The present study aimed at generating a gene co-expression network to explore functionally relevant genes involved in T. brucei development in the tsetse fly vector. In contrast to a T. brucei gene co-expression network generated from a previous study for procyclic and bloodstream forms using microarray data [20], our study focused on the insect stage morphological forms of the parasite by analyzing RNA-Seq data. The constructed gene co-expression network permitted identification of 12 functionally relevant modules and their 12 hub genes as well as potential regulatory motifs in the mRNA’s 3′ untranslated regions for genes grouped in the same module.

Methods

Datasets acquisition and quality assessment

RNA-Seq datasets of Glossina morsitans morsitans (tsetse fly) trypanosome-infected midgut, proventriculus, and salivary gland tissues were obtained from the European Nucleotide Archive (ENA) [21] under accession numbers SRP002243 and SRR965341. The dataset consisted of 18 samples: 7 midgut; 4 proventriculus; 7 salivary glands [22, 23]. The quality of the data was assessed using FastQC version 0.11.8 (http://www.bioinformatics.babraham.ac.uk/projects/fastqc/). Prior to reads mapping, the T. brucei genome and G. morsitans scaffold genome were obtained from TriTrypDB (Release 43) [24] and VectorBase [25], respectively, and concatenated to create a chimeric genome. The RNA-Seq reads were mapped to the chimeric genome of T. brucei and G. morsitans using HISAT2 version 2.1.0 [26] to remove ambiguously mapped reads. Duplication rates were computed after read mapping using the MarkDuplicates tool from Picard toolkit version 2.20.3 (http://broadinstitute.github.io/picard/) to mark duplicate reads. Furthermore, dupRadar Bioconductor R package version 1.18.0 was used to assess the RNA-Seq data for presence of PCR duplicates [27]. Samples that had PCR duplicates were excluded from downstream analysis.

Reads quantification

The reads that mapped to T. brucei genome were counted using HTSeq version 0.11.2 [28] and in relation to the annotation file of T. brucei downloaded from TriTrypDB (Release 43). Non-protein coding genes (ncRNA, snRNA, snoRNA, pseudogenic transcripts, rRNA, and tRNA) were excluded from the read counts as this study focused on protein-coding genes and their functional analysis.

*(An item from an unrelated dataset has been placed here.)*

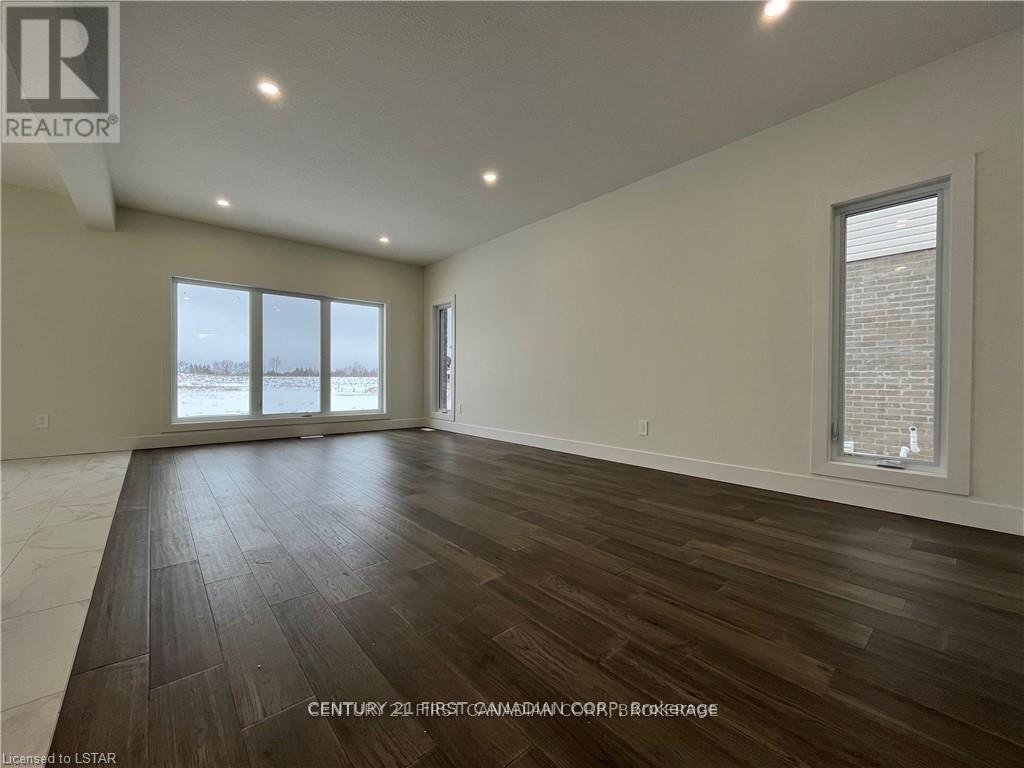 11 Triebner Street, South Huron, Ontario  N0M 1S2 - Photo 5 - X12429805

Sample quality assessment and filtering

Genes with low expression levels were removed from the read counts data using filterByExpr function from R package edgeR version 3.8 [29]. Sample quality was assessed using Pearson correlation heatmaps and Principal Component Analysis (PCA) and box plots in R version 3.6.0 [30]. Trimmed mean of M-values (TMM) was used as a normalization method using calcNormFactors function in edgeR [29]. The normalized read counts were then converted to counts per million and log2 transformed for downstream analysis. Batch effects were adjusted for using the ComBat method from sva R package version 3.32.1 [31].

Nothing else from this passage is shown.